About this exercise —
Nothing but the lines from the one containing "Hi, this is" through the one containing "What a 404 page", both included, should be given again, each exactly as written below.

Materials provided —
++++++++++++++++++++

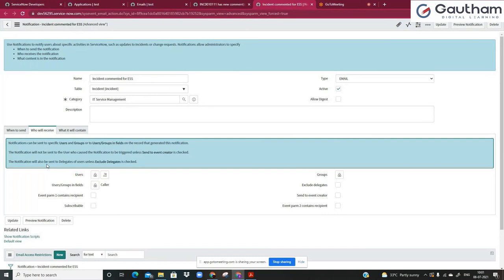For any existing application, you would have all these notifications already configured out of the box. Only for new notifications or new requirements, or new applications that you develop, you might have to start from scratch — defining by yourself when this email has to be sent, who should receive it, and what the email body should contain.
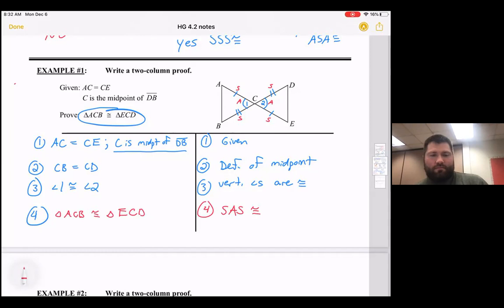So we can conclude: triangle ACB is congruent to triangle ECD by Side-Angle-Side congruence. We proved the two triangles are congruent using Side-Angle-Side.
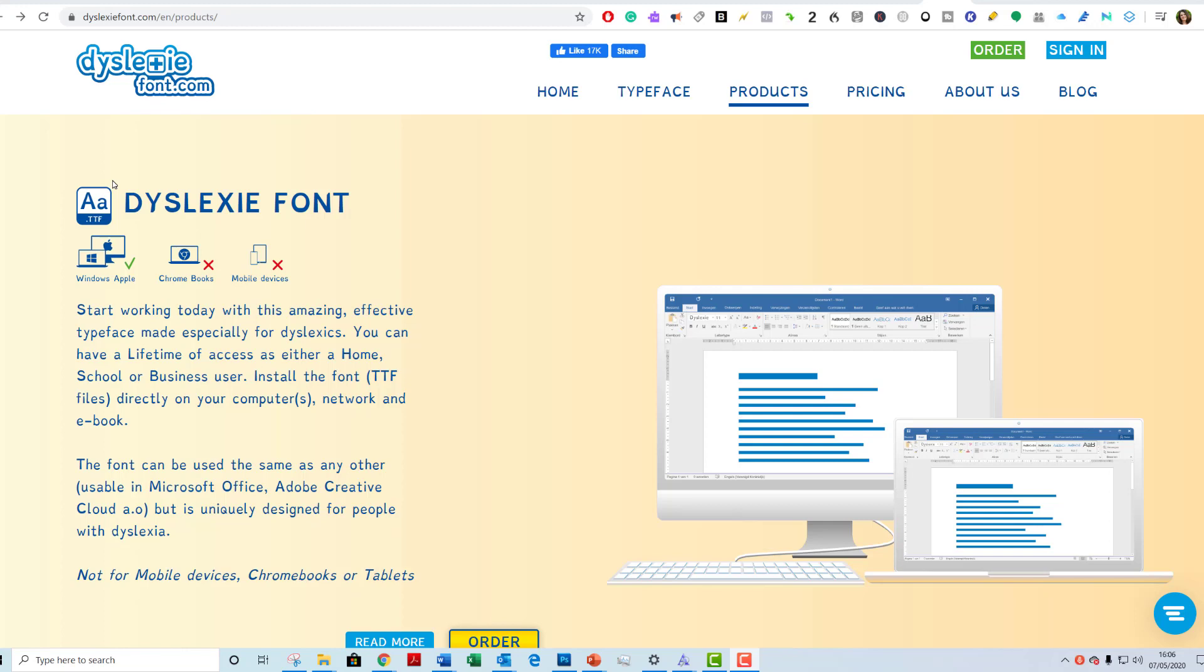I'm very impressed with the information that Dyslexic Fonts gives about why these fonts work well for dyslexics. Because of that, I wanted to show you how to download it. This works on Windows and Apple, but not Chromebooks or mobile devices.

++++++++++++++++++++

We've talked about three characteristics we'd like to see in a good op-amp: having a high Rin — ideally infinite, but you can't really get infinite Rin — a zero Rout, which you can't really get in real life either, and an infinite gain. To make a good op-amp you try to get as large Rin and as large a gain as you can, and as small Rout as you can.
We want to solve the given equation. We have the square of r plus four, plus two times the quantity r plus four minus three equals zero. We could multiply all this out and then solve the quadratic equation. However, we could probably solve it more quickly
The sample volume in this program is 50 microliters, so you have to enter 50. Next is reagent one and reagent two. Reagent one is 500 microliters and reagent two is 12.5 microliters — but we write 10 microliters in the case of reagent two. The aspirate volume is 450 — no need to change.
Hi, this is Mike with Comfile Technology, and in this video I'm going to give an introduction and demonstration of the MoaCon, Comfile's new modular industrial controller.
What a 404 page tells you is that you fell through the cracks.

++++++++++++++++++++

Response to the task —
Hi, this is Mike with Comfile Technology, and in this video I'm going to give an introduction and demonstration of the MoaCon, Comfile's new modular industrial controller.
What a 404 page tells you is that you fell through the cracks.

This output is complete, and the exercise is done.